La doctrine s’accordait à considérer que les établissements de crédit n’étaient pas les seuls créanciers dispensateurs de crédit, et que tous créanciers, au sens large, pour autant qu’ils accordent par exemple des facilités de paiements, pouvaient être visés par ce texte.
Cette position est confortée par la lecture de l’Arrêt du 16 octobre qui juge :
« Les termes génériques de « concours consentis » et de «créancier » de l’article L650-1 du Code de Commerce conduisent à ne pas limiter son application aux seuls établissements de crédit, la Cour d’Appel en a exactement déduit que des délais de paiement accordés par un cocontractant au débiteur constituaient des concours au sens de ce texte, de sorte qu’il était applicable à ce cocontractant ».
Ainsi, le « créancier » ne se réduit pas à l’établissement de crédit, et les « concours consentis » peuvent également, à la lecture des faits de l’espèce, être constitués par l’octroi par exemple de délai de paiement.
Il s’agit de précisions intéressantes qui confirment le large domaine de l’article L650-1 du Code de Commerce.

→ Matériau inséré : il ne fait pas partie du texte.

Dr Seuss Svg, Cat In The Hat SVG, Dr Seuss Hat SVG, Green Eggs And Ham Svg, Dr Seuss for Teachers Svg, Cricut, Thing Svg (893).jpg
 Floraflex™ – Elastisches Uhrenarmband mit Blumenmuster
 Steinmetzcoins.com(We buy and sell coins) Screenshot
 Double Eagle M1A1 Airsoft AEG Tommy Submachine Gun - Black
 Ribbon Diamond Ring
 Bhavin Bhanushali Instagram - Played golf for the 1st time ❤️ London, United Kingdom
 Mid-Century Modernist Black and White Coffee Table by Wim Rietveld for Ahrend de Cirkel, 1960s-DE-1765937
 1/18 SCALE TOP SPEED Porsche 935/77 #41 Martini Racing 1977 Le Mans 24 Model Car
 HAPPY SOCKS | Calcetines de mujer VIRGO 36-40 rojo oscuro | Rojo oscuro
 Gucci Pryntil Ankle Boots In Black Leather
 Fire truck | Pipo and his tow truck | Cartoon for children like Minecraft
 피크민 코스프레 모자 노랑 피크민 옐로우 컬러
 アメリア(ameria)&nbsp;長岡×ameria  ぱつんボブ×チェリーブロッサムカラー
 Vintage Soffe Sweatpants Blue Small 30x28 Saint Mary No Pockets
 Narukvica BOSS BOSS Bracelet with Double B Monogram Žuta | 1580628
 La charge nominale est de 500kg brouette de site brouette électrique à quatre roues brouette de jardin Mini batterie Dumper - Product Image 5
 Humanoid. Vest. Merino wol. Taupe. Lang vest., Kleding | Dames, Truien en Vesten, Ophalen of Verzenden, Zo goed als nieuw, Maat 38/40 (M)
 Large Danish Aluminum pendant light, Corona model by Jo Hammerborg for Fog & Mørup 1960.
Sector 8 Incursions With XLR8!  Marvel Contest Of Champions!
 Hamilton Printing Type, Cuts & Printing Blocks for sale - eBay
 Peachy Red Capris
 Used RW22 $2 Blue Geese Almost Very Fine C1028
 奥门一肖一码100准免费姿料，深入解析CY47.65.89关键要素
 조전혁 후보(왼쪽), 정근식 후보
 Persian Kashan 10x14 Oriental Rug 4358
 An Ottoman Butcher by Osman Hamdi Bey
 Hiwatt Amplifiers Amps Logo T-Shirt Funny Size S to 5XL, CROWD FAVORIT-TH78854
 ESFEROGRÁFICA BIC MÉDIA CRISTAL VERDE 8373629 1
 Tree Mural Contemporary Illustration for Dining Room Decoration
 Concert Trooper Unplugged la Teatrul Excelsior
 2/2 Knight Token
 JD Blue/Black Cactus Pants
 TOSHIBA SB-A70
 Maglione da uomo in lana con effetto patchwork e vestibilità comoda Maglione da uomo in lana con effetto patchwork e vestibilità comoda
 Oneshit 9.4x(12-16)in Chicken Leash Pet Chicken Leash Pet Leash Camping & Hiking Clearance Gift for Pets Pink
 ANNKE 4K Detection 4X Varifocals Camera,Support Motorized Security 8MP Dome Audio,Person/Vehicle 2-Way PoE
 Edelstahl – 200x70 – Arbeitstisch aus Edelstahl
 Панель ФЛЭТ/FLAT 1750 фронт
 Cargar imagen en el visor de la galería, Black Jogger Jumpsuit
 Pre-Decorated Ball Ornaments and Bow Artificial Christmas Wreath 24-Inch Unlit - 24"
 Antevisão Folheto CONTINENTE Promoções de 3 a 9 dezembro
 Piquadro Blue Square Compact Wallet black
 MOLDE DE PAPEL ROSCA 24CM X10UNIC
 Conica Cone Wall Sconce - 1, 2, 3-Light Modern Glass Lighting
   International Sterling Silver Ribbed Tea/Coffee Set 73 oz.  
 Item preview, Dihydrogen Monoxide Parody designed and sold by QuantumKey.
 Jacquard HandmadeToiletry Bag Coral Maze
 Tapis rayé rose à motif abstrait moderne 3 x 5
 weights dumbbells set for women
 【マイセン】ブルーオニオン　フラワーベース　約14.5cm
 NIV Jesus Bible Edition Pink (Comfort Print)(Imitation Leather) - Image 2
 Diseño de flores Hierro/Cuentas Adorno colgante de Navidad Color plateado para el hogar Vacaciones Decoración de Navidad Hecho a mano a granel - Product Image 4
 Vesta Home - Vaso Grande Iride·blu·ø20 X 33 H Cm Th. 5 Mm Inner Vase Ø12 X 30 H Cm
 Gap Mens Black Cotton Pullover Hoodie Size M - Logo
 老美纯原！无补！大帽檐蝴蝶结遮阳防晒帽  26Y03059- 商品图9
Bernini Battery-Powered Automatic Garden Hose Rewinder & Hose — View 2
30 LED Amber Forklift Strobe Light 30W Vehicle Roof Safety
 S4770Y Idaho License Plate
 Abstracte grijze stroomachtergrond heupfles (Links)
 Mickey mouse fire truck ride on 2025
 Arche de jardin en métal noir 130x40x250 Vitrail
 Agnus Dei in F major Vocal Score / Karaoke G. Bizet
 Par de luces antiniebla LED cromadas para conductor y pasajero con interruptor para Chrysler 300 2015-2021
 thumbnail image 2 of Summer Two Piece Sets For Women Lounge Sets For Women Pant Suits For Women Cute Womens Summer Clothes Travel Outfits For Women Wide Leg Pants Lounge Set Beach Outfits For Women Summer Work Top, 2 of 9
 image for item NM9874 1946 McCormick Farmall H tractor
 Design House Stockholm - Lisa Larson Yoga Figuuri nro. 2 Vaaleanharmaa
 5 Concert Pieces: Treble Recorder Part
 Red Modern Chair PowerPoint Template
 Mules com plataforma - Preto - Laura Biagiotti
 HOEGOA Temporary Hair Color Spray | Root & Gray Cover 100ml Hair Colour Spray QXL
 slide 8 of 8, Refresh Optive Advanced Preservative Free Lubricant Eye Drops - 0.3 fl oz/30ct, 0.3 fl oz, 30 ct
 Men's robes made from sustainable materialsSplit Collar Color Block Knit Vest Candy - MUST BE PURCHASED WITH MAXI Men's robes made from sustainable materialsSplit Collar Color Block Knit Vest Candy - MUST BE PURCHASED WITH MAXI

Le second moyen examiné par la Cour de Cassation porte sur le premier cas de déchéance du principe d’irresponsabilité des créanciers ayant consenti des concours, à savoir la fraude.
Dans sa logique de protection du créancier, et dans la droite ligne du principe d’irresponsabilité, la notion de fraude est ici définie de manière restrictive.
La Cour relève ainsi que cette fraude « ne se démarque guère de la fraude pénale et qu’il s’agit d’un acte qu’il a réalisé en utilisant des moyens déloyaux destinés à surprendre un consentement, à obtenir un avantage matériel ou moral indu ou réalisé avec l’intention d’échapper à l’application d’une loi impérative ou prohibitive. »
La tâche est donc ardue pour le débiteur qui recherchera la responsabilité de son créancier, chaque cas de déchéance du principe étant particulièrement étroit, tout en rappelant qu’il devra encore démontrer en quoi l’octroi du concours en lui-même est fautif.